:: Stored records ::
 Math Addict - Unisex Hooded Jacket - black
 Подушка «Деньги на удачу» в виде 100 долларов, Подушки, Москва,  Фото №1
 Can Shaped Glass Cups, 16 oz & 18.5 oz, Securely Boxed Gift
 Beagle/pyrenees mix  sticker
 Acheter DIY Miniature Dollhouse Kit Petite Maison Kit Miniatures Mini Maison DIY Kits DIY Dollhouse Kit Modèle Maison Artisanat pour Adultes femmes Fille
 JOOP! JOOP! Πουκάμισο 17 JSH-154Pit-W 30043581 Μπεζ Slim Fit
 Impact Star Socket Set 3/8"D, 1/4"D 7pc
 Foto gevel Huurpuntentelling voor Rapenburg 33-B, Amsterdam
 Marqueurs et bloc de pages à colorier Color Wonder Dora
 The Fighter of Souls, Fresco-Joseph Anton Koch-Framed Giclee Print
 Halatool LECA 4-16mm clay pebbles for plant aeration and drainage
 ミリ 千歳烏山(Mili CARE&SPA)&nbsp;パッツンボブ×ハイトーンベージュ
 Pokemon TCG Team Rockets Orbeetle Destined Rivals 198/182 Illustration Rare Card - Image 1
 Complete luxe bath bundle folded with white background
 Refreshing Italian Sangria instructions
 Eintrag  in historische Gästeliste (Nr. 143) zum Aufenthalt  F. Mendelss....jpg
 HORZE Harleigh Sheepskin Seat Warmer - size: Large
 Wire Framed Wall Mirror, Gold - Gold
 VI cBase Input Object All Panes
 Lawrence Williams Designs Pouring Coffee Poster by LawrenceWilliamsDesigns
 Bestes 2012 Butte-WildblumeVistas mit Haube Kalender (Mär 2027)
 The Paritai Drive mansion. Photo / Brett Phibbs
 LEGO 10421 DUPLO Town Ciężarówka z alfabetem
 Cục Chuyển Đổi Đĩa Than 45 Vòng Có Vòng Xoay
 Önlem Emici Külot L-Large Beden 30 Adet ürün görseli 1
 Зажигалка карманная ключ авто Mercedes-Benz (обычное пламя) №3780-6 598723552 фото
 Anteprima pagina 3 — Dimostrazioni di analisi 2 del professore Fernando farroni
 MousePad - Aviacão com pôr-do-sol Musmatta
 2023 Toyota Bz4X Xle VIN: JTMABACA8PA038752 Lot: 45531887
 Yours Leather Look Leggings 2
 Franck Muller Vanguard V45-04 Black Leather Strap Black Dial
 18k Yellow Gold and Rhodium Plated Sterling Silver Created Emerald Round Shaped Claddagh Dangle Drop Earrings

:: Exercise description ::
Of the entries above, repeat exactly the lines from the line with "HORZE Harleigh Sheepskin" through the line with "LEGO 10421 DUPLO Town Ciężarówka z alfabetem", both of them included.

:: Reply to the exercise ::
 HORZE Harleigh Sheepskin Seat Warmer - size: Large
 Wire Framed Wall Mirror, Gold - Gold
 VI cBase Input Object All Panes
 Lawrence Williams Designs Pouring Coffee Poster by LawrenceWilliamsDesigns
 Bestes 2012 Butte-WildblumeVistas mit Haube Kalender (Mär 2027)
 The Paritai Drive mansion. Photo / Brett Phibbs
 LEGO 10421 DUPLO Town Ciężarówka z alfabetem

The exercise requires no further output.